A Call for More Diversity in the Nation’s Parks

gr-51811-1-1INDIANAPOLIS, Ind. — As the 100th anniversary of the National Park Service nears, a coalition of civil rights and conservation groups is calling for public lands to be more inclusive over the next century.

The coalition has started a petition urging President Barack Obama to issue an executive order to make public lands more diverse.

Maite Arce, president of the Hispanic Access Foundation, says the coalition has the legacy of public lands in mind with this petition.

“Our work here as a coalition is to challenge this president, and also our next president, to really embrace a vision for the next century of conservation that focuses on the importance of national parks and public lands for all Americans, with emphasis on all,” she states.

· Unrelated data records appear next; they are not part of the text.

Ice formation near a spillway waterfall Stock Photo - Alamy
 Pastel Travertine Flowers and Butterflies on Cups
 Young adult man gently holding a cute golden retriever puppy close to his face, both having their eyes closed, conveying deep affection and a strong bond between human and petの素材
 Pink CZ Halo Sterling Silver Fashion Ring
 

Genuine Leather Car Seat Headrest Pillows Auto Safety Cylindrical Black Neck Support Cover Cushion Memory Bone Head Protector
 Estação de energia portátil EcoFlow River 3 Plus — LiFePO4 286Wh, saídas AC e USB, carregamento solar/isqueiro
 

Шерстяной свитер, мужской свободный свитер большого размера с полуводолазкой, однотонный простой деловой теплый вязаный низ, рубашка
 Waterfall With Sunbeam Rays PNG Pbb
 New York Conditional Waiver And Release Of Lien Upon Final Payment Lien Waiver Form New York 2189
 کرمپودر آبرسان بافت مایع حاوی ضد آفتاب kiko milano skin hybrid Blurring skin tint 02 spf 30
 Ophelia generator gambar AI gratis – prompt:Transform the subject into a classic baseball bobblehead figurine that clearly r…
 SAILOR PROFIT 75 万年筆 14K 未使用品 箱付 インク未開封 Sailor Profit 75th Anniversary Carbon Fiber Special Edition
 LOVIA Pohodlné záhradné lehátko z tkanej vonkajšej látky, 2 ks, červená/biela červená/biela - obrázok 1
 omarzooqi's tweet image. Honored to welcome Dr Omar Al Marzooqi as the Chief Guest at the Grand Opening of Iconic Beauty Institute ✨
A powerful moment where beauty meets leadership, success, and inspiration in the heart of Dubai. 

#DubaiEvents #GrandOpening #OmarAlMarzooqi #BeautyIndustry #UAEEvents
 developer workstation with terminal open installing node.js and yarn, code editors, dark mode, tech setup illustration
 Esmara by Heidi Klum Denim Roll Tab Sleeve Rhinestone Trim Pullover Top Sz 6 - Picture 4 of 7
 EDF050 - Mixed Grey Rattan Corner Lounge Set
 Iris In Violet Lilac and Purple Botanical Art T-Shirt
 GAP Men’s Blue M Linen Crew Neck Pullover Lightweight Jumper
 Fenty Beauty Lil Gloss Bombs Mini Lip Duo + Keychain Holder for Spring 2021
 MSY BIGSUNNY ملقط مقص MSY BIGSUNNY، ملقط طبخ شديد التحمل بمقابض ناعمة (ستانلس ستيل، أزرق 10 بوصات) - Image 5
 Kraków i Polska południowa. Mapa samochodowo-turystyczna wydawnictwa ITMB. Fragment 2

Indiana has three National Park Service units – the Lincoln Boyhood National Memorial in Lincoln City, Indiana Dunes on the south shore of Lake Michigan and the George Rogers Clark National Historical Park in Vincennes – as well as more than two dozen state parks.

Arce says hiring a diverse workforce in the parks, in order to hear from diverse voices, is key to making public lands more inclusive.

“There’s always been for many years a discussion about the difficulty in reaching diverse communities, but without those individuals working on these lands and for our parks, it’s really going to be difficult to develop programming that reaches and engages different populations,” she stresses.

Shantha Ready Alonso is the executive director of Creation Justice Ministries, an environmental justice group that represents major Christian denominations. She maintains there should be more protections for the sacred parts of public lands.

“Right now, too many places where there are petroglyphs, or we know that there are graves, are being ravaged and disturbed because they’re under-protected and under-recognized,” she points out. “We would like to see more reverence for those types of places.”